The spread of directional data can be expressed by the standard deviation (for 
the mean) or the quasi-interquartile range (for the median):
```{r weighted_spread, echo=TRUE}
circular_sd(san_andreas$azi, 1 / san_andreas$unc) # standard deviation
circular_IQR(san_andreas$azi, 1 / san_andreas$unc) # interquartile range
```


## Statistics in the Pole of Rotation (PoR) reference frame

**NOTE:** Because the $\sigma_{SHmax}$ orientations are subjected to angular 
distortions in the geographical coordinate system, it is recommended to express
statistical parameters using the transformed orientations of the PoR reference 
frame. 
```{r por, echo=TRUE}
data("cpm_models")
por <- cpm_models[["NNR-MORVEL56"]] |>
  equivalent_rotation("na", "pa")
san_andreas.por <- PoR_shmax(san_andreas, por, type = "right")
```


```{r por_stats, echo=TRUE}
circular_mean(san_andreas.por$azi.PoR, 1 / san_andreas$unc)
circular_sd(san_andreas.por$azi.PoR, 1 / san_andreas$unc)

circular_median(san_andreas.por$azi.PoR, 1 / san_andreas$unc)
circular_IQR(san_andreas.por$azi.PoR, 1 / san_andreas$unc)
```

The collected summary statistics can be quickly obtained by `circular_summary()`:
```{r summary_stats, echo=TRUE}
circular_summary(san_andreas.por$azi.PoR, 1 / san_andreas$unc, mode = TRUE)
```

The summary statistics additionally include the circular quasi-quantiles, the 
variance, the skewness, the kurtosis, the mode, the 95% confidence angle, and 
the mean resultant length (R).

## Rose diagram
**tectonicr** provides a rose diagram, i.e. histogram for angular data. 
```{r rose1, echo=TRUE}
rose(san_andreas$azi,
  weights = 1 / san_andreas$unc, main = "North pole",
  dots = TRUE, stack = TRUE, dot_cex = 0.5, dot_pch = 21
)

# add the density curve
plot_density(san_andreas$azi, kappa = 20, col = "#51127CFF", shrink = 1.5)
```

The diagram shows the uncertainty-weighted frequencies (equal area rose fans), 
the von Mises density distribution (blue curve), and the circular mean (red line) 
incl. its 95% confidence interval (transparent red). 


Showing the distribution of the transformed data gives the better representation
of the angle distribution as there is no angle distortion due to the arbitrarily 
chosen geographic coordinate system.
```{r rose2, echo=TRUE}
rose(san_andreas.por$azi,
  weights = 1 / san_andreas$unc, main = "PoR",
  dots = TRUE, stack = TRUE, dot_cex = 0.5, dot_pch = 21
)
plot_density(san_andreas.por$azi, kappa = 20, col = "#51127CFF", shrink = 1.5)

# show the predicted direction
rose_line(135, radius = 1.1, col = "#FB8861FF")
```

The green line shows the predicted direction.

## QQ Plot

The (linearised) circular QQ-Plot (`circular_qqplot()`) can be used to visually 
assess whether our stress sample is drawn from an uniform distribution or has 
a preferred orientation.

```{r qqplot, echo=TRUE}
circular_qqplot(san_andreas.por$azi.PoR)
```

Our data clearly deviates from the diagonal line, indicating the data is not randomly distributed and has a strong preferred orientation around the 50% quantile.


## Statistical tests
### Test for random distribution
Uniformly distributed orientation can be described by the 
*von Mises distribution* (Mardia and Jupp, 1999).
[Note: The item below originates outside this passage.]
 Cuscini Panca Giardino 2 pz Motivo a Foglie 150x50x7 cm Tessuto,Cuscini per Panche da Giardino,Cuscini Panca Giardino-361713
If the directions are 
distributed randomly can be tested with the **Rayleigh Test**:
```{r random, echo=TRUE}
rayleigh_test(san_andreas.por$azi.PoR)
```

Here, the test rejects the Null Hypothesis (`statistic > p.value`). 
Thus the $\sigma_{SHmax}$ directions have a preferred orientation.
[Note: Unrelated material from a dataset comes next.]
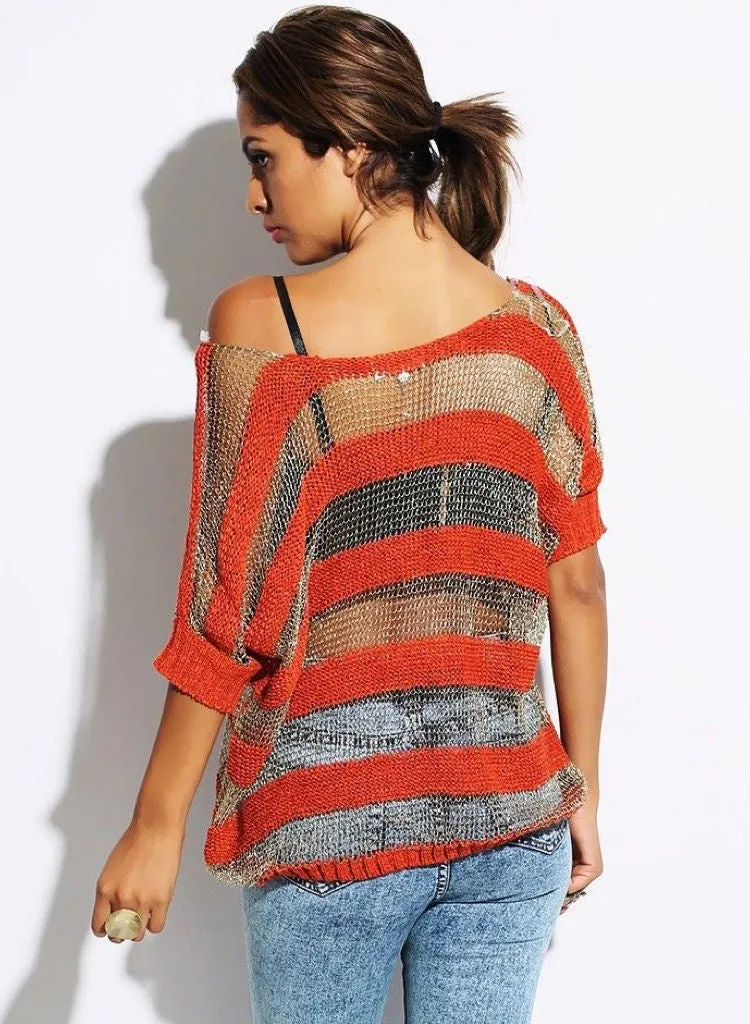 Feminine Oversized Red & Gold metallic thread Jumper. S/M fits UK 8/10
Alternative statistical tests for circular uniformity are `kuiper_test()` and 
`watson_test()`. Read `help()` for more details...


## Test for goodness-of-fit
Assuming a von Mises Distribution (circular normal distribution) of the 
orientation data, a $100(1-\alpha)\%$  **confidence interval** can be 
calculated (Mardia and Jupp, 1999):
```{r confidence, echo=TRUE}
confidence_interval(san_andreas.por$azi.PoR, conf.level = 0.95, w = 1 / san_andreas$unc)
```
The prediction for the $\sigma_{SHmax}$ orientation is $135^{\circ}$. 
Since the prediction lies within the confidence interval, it can be concluded 
with 95% confidence that the orientations follow the predicted trend of 
$\sigma_{SHmax}$.

The (weighted) **circular dispersion** of the orientation angles around the 
prediction is another way of assessing the significance of a normal distribution
around a specified direction. It can be measured by:
```{r dispersion, echo=TRUE}
circular_dispersion(san_andreas.por$azi.PoR, y = 135, w = 1 / san_andreas$unc)
```

The value of the dispersion ranges between 0 and 2.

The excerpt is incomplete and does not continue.